Bir kaç zaman önce...
Ana baba evindeyim...
Daldım yine kağıtların küreklerin arasına....
Gecenin koyuluğu bitmiş, gün ağardı ağaracak !
Taa 1970'lerden düğün davetiyeleri, tebrik kartları, gazete kesikleri...
Siyah beyaz sepya fotoğraflar...
Her şeyin özenle saklandığı çekmecenin dibinde bir de büyük zarf....
Açtım zarfı sakince, cigaramdan da bir duman çekerek...
Hafiften sararmaya başlamış üç dosya kağıdı...
Üzerleri yazılı, özenle katlanmış üç kağıdı zarftan çıkardım...
Yudum yudum okumaya başladım sırayla hepsini....
Önce bu yazının başına fotoğrafını da koyduğum liste çıktı karşıma...
SUSURLUK LİSESİ 6 MAT / B...
Sonra tarihe baktım ;
1987-1988 MEZUNLARI...
neredeyse 34 YIL geçmiş aradan....
Bir kere 6 Mat / B'de duralım sevgili okurlar...
Ben de 6 Mat / B mezunuyum Susurluk Lisesi'nin....
Ama yukardaki gruptan 3 yıl önce...
1985 mezunuyum...
6 MAT / B güzeldir yahu....
Bir ekoldür 6 MAT B :)))
listedeki isimler, benden tam bir lise dönemi sonrasındaki 6 MAT B mezunları.
Yalnızca 3 yıl var arada mezuniyetlerimiz bakımından.
( tam bir dönem diyorum çünkü lise 3 yıldı o zamanlar ve 3 yıl bir lise turuydu )
30'lu yaşlara kadar, 3 yıl 4 yıl yaş farkları bir dünya eder :))

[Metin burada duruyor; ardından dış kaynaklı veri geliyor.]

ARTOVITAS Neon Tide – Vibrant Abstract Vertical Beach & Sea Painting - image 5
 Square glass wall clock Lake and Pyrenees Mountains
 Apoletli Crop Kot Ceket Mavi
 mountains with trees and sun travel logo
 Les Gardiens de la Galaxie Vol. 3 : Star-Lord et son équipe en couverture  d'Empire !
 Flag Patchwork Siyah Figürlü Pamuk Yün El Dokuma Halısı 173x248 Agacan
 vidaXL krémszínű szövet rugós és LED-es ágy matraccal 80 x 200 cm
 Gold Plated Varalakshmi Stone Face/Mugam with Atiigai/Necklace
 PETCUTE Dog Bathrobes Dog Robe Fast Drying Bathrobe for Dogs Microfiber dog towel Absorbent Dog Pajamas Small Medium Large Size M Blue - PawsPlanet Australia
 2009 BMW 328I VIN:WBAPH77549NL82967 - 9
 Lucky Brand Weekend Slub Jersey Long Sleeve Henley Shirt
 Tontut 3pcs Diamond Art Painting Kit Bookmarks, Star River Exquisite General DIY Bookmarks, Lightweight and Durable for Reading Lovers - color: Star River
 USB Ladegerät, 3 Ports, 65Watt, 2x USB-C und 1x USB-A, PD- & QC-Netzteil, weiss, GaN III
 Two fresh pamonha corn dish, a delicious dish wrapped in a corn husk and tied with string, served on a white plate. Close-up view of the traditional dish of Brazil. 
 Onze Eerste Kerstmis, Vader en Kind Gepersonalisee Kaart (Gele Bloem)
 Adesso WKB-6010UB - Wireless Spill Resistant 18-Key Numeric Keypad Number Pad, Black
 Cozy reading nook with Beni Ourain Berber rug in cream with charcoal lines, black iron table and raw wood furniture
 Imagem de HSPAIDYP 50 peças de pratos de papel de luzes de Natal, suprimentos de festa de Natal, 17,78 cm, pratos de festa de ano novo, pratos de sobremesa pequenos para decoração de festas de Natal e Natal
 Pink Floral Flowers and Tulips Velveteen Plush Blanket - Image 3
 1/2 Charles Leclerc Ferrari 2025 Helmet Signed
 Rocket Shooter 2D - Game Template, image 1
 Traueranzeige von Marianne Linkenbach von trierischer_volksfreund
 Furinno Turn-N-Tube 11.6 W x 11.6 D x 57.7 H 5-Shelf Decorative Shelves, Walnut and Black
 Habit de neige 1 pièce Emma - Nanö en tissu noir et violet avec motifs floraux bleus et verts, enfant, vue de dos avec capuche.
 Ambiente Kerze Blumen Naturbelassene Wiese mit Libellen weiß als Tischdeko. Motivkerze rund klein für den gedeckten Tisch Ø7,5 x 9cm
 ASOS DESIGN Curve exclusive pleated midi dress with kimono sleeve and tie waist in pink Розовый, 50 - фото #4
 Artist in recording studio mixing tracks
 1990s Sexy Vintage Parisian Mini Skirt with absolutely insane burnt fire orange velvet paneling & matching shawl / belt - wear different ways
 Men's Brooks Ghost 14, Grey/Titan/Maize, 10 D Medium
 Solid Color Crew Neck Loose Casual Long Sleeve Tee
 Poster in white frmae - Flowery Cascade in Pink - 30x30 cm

Sonra sonra, 40'lı 50'li yaşlara gelince, aradaki fark da kaybolur gider...
Büyümek olgunlaşmak, biraz da budur !
Sakince okumaya başladım önce,
6 MAT B'nin 1987-1988 mezunlarının ismini...
Benimle arada üç kocaman ! yıl var
ama neredeyse isimlerin hepsi tanıdık, hepsi aşina....
Mesela sevgili Okan Pehlivan kardeşim...
Kamil Amca'mızın oğlu Okan işte...
Her zaman çok yakışıklı çok klas ve çok centilmen Okan işte....
Didem Arıca....
Öğretmenler Apartmanı komşumuz Didem.
Ahmet Amca'nın Ayşe Teyze'nin, başına buyruk ama çok içten kızı Didem...
Kardeşim Ayşın'ın da bir dönem en yakın arkadaşı.
Ayşın'dan dolayı, Didem'in de seve seve abisi olmuşum yıllarca...
Sinan Demirkesen, bizden iki dönem ilerde olan Sırrı'nın kardeşi...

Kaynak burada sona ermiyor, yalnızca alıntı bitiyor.